Sometimes formula is a good thing. Especially if it’s amenable to a little experimentation – tinkering with the variables. After Jackie Chan teamed up with Chris Tucker for the biggest success either of them has had, 1998’s Rush Hour (nearly $200 million box-office worldwide on a $35 million budget), the only question was, which would come first, a subspecies or a sequel? Tucker is reportedly holding out for $20 mil. to do Rush Hour 2, so that’s a no-brainer. All that was left was the matter of how the profitable equation – dropping Chan’s ingenuous Oriental athleticism into a devoutly American setting, putting him on a mission, and pairing him with a lovable Yankee loser played by an actor with some rep but not a steep price -- could be tweaked just enough to make it seem different without making it unrecognizable.

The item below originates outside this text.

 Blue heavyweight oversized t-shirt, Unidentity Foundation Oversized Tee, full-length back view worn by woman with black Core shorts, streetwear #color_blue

There were several possibilities: Buddhist monk Jackie joins one-eyed stock-car driver Skeet Ulrich as crew chief of the first NASCAR entry sponsored by the Dalai Lama, which is in danger of sabotage by Pat Buchanan flunkies who want to scuttle NAFTA; take-out delivery boy Jackie joins alcoholic astronaut Benecio Del Toro on a shuttle mission to solve world hunger by creating a lo mein noodle that self-replicates in zero-G, which is in danger of sabotage by a stowaway cyborg Ronald McDonald; Hunan rapcore guitarist Jackie joins kleptomaniac songwriter Ryan Phillipe to play an anthem of world peace at a U.N. conference on world disarmament, which is in danger of sabotage by a rich Welsh slingshot manufacturer, etc. But what finally won out was something that was not only an obvious choice – the Western – but is an improvement on the original.
Jackie plays Chon Wang, a screw-up guard at the Forbidden City in 1881 China who’s a last-minute addition to a Nevada-bound trio of royal badasses dispatched to rescue a kidnapped princess (Lucy Liu). Chance quickly throws him in with chivalrous aspiring trainrobber Roy O’Bannon (Owen Wilson), who doesn’t quite have his own act together yet but shows a lot of promise, and who seems oddly more Zen-friendly than Chon. Hemispheres and personalities collide in a fashion that wouldn’t be rivaled until Forrest Gump played ping pong in Beijing 100 years later.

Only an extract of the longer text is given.